**Task statement:**
From the first line to the last, transcribe the data exactly and skip the pictures.

**Data section:**
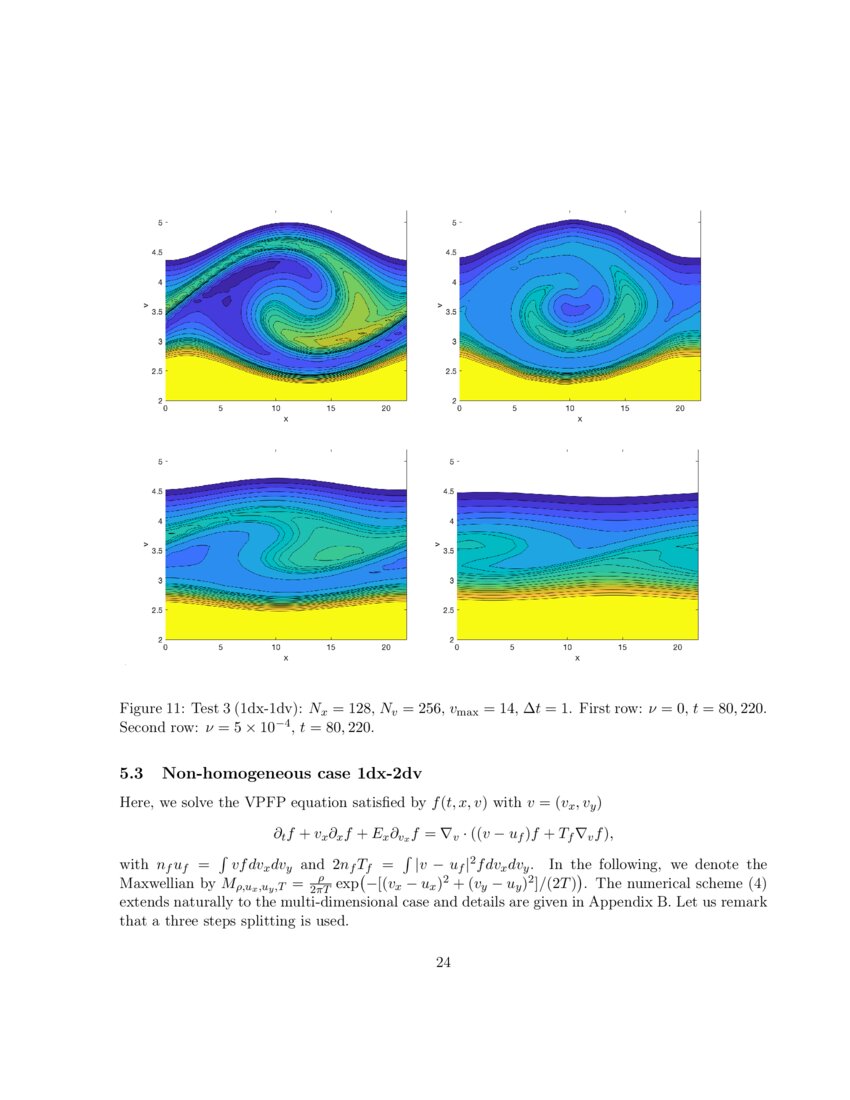 Conservative stabilized RungeKutta methods for the VlasovFokker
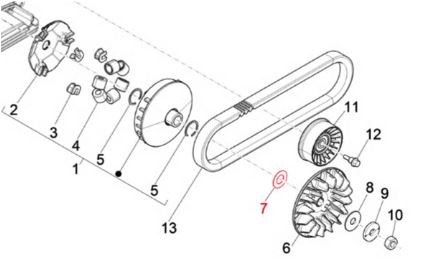 Thrust washer between variator - thrust,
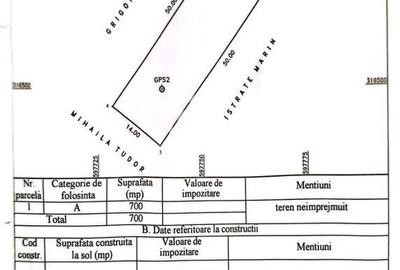 Spațiu comercial, în Central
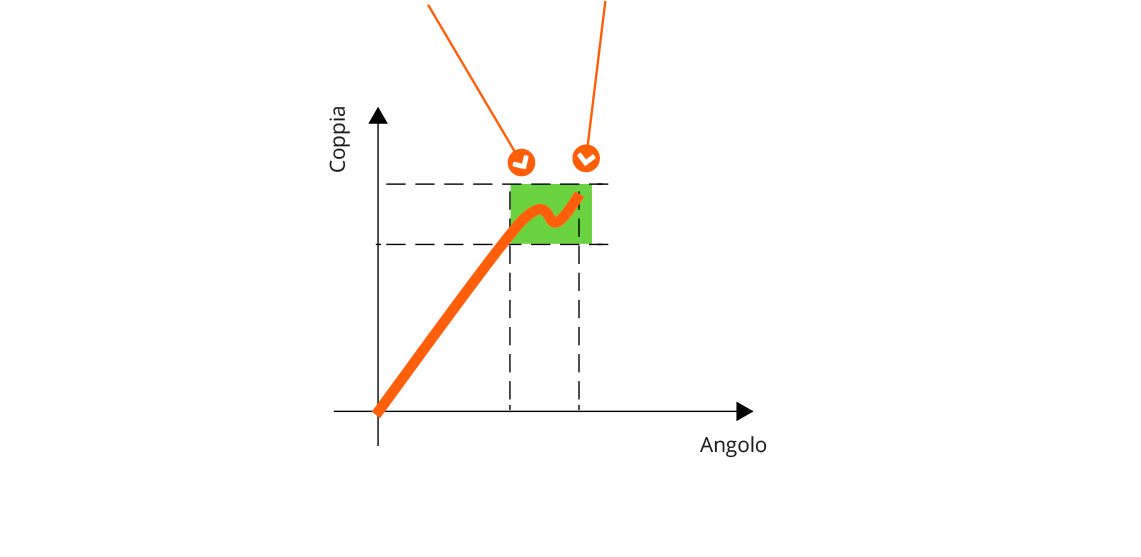 CL-CLS Chiave a Scatto Wireless CL-CLS Chiave a Scatto Wireless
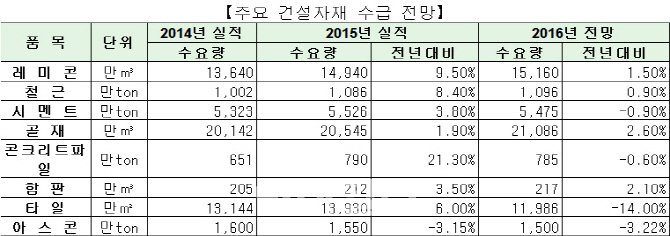 "내년 철근·시멘트 건설자재 수요 소폭 줄 것"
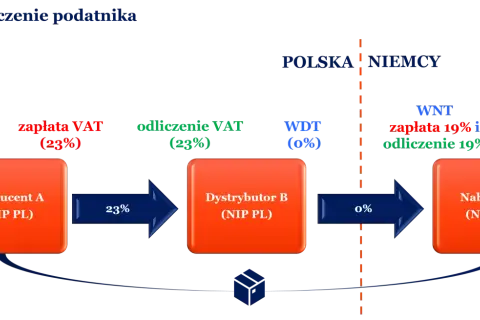 Schemat rozliczenia podatnika: Producent A (PL) sprzedaje z 23% VAT, Dystrybutor B (PL) stosuje WDT (0%), Nabywca C (DE) rozlicza WNT (19%), zgodnie z art. 17 ust. 1 pkt 5 ustawy o VAT.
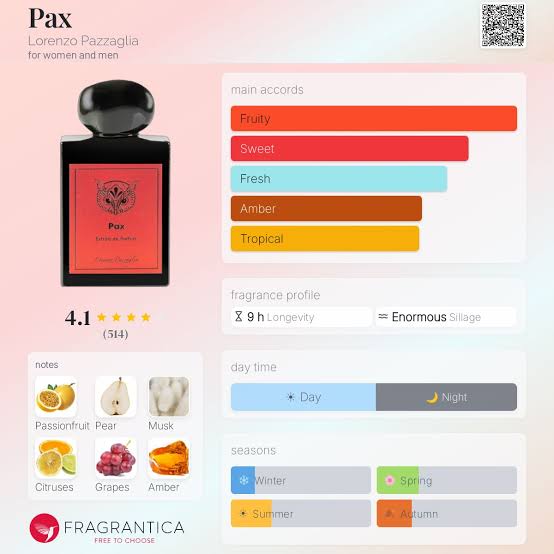 (PREORDER) LORENZO PAZZAGLIA PAX | 50ML - SEALED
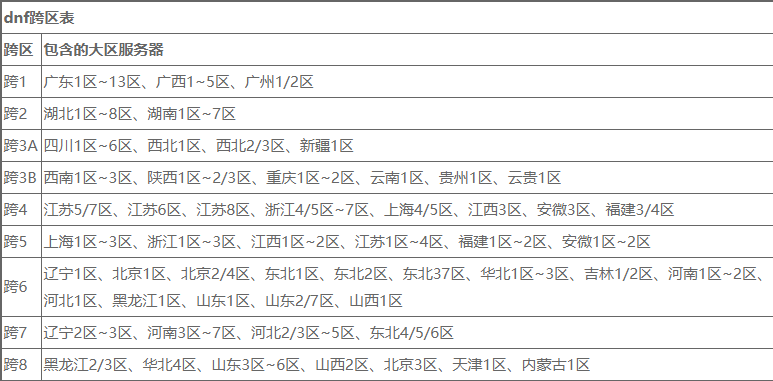 《地下城与勇士跨区服务器分布图解析》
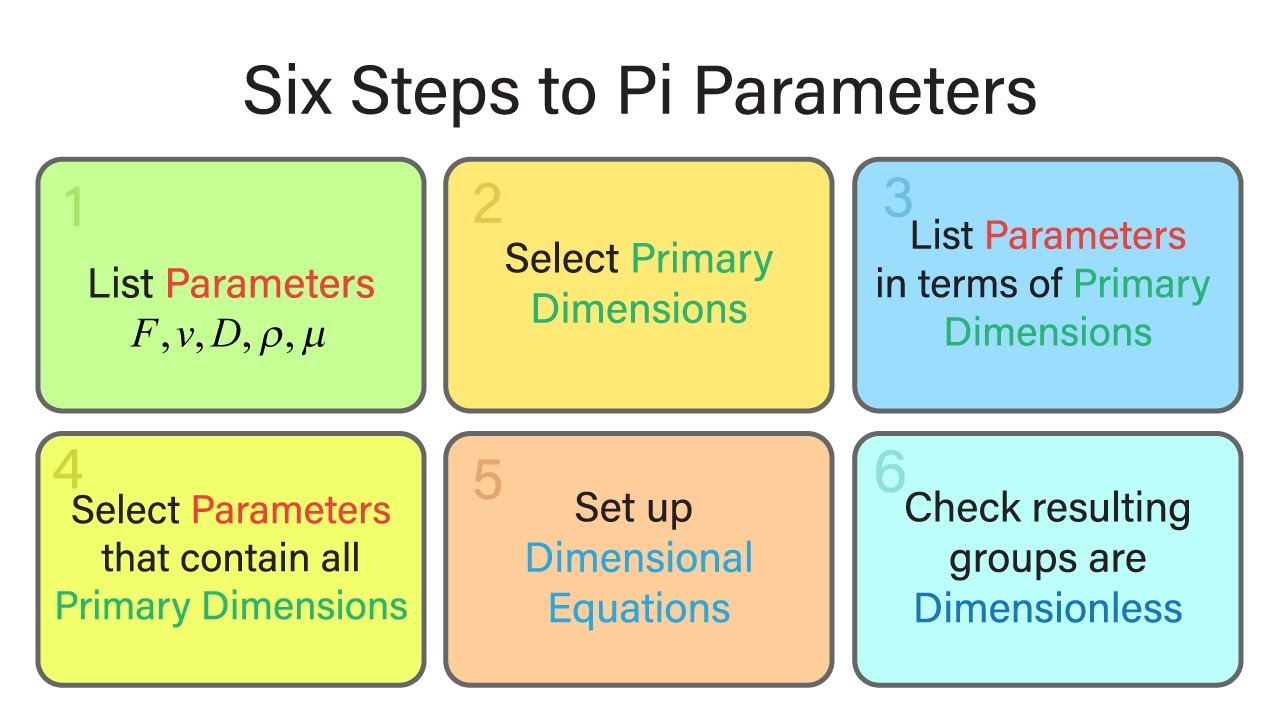 Introductory Fluid Mechanics L14 p3 - Six Steps to Pi Parameters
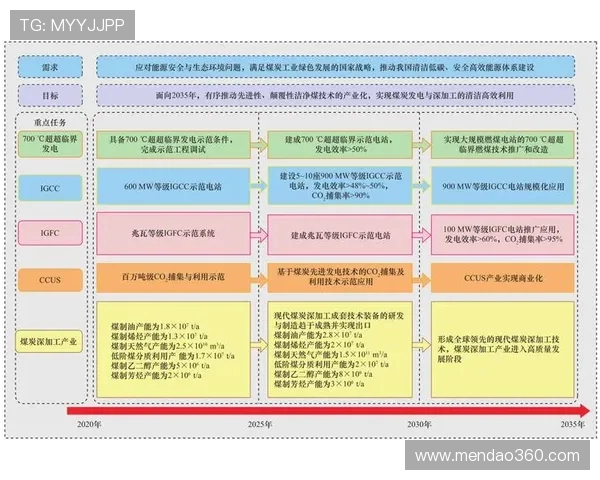 广州乒乓球队耐力训练的关键因素与提升策略全面分析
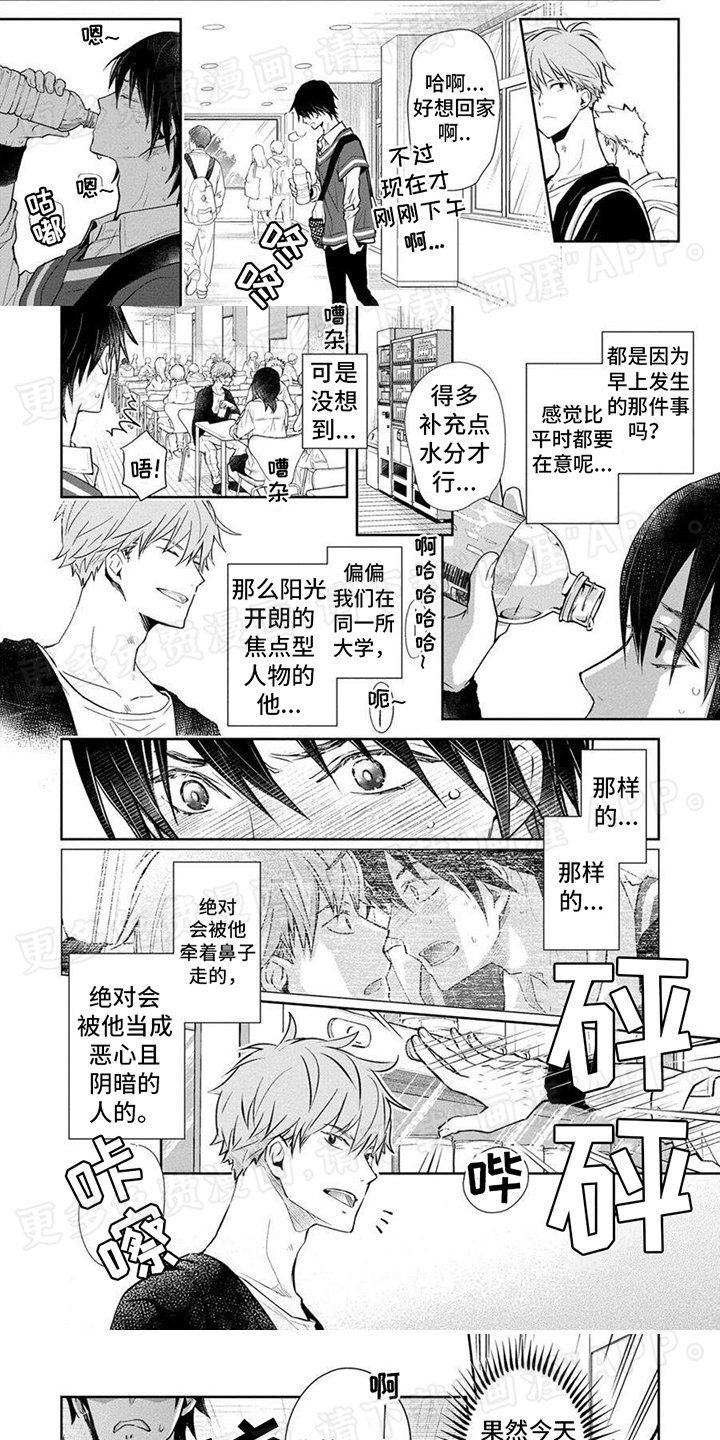 第2章：多汗症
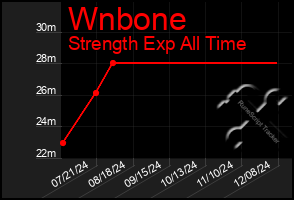 Total Graph of Wnbone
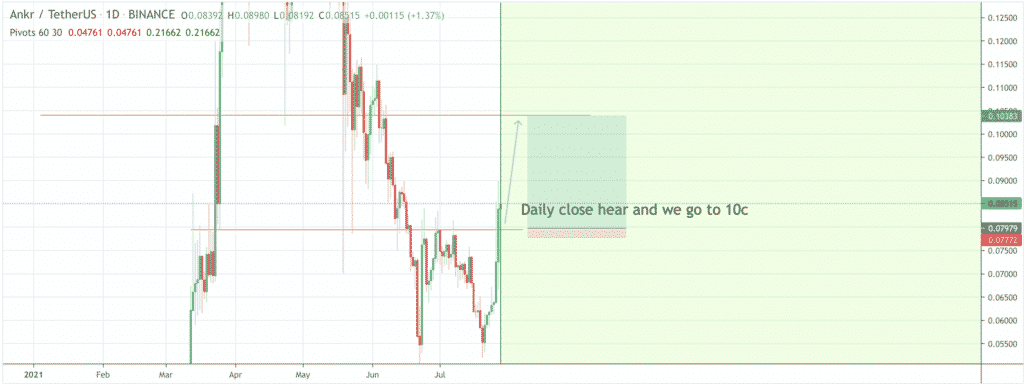 Ankr Price Prediction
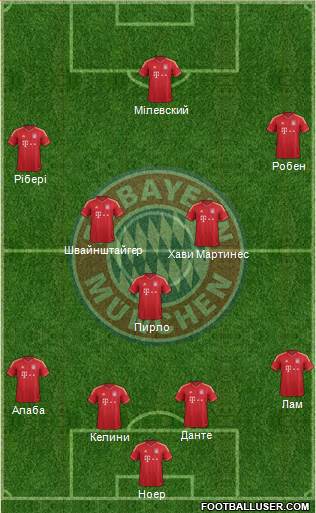 FC Bayern München Formation 2013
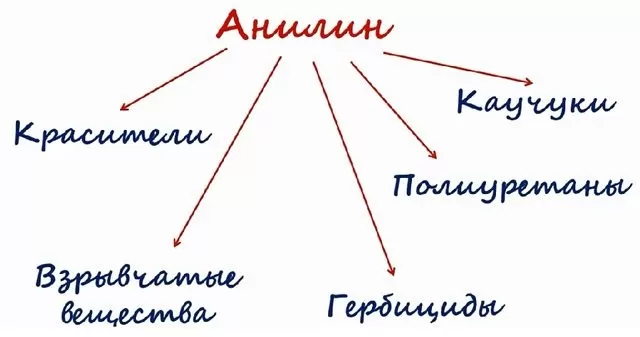 Применение анилина Применение анилина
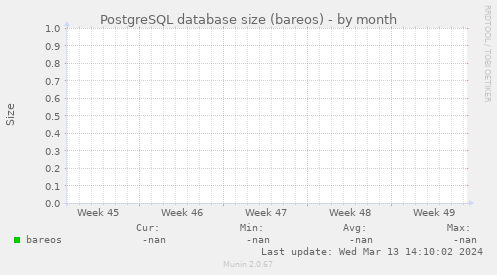 PostgreSQL database size (bareos)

**Answer box:**
 Conservative stabilized RungeKutta methods for the VlasovFokker
 Thrust washer between variator - thrust,
 Spațiu comercial, în Central
 CL-CLS Chiave a Scatto Wireless CL-CLS Chiave a Scatto Wireless
 "내년 철근·시멘트 건설자재 수요 소폭 줄 것"
 Schemat rozliczenia podatnika: Producent A (PL) sprzedaje z 23% VAT, Dystrybutor B (PL) stosuje WDT (0%), Nabywca C (DE) rozlicza WNT (19%), zgodnie z art. 17 ust. 1 pkt 5 ustawy o VAT.
 (PREORDER) LORENZO PAZZAGLIA PAX | 50ML - SEALED
 《地下城与勇士跨区服务器分布图解析》
 Introductory Fluid Mechanics L14 p3 - Six Steps to Pi Parameters
 广州乒乓球队耐力训练的关键因素与提升策略全面分析
 第2章：多汗症
 Total Graph of Wnbone
 Ankr Price Prediction
 FC Bayern München Formation 2013
 Применение анилина Применение анилина
 PostgreSQL database size (bareos)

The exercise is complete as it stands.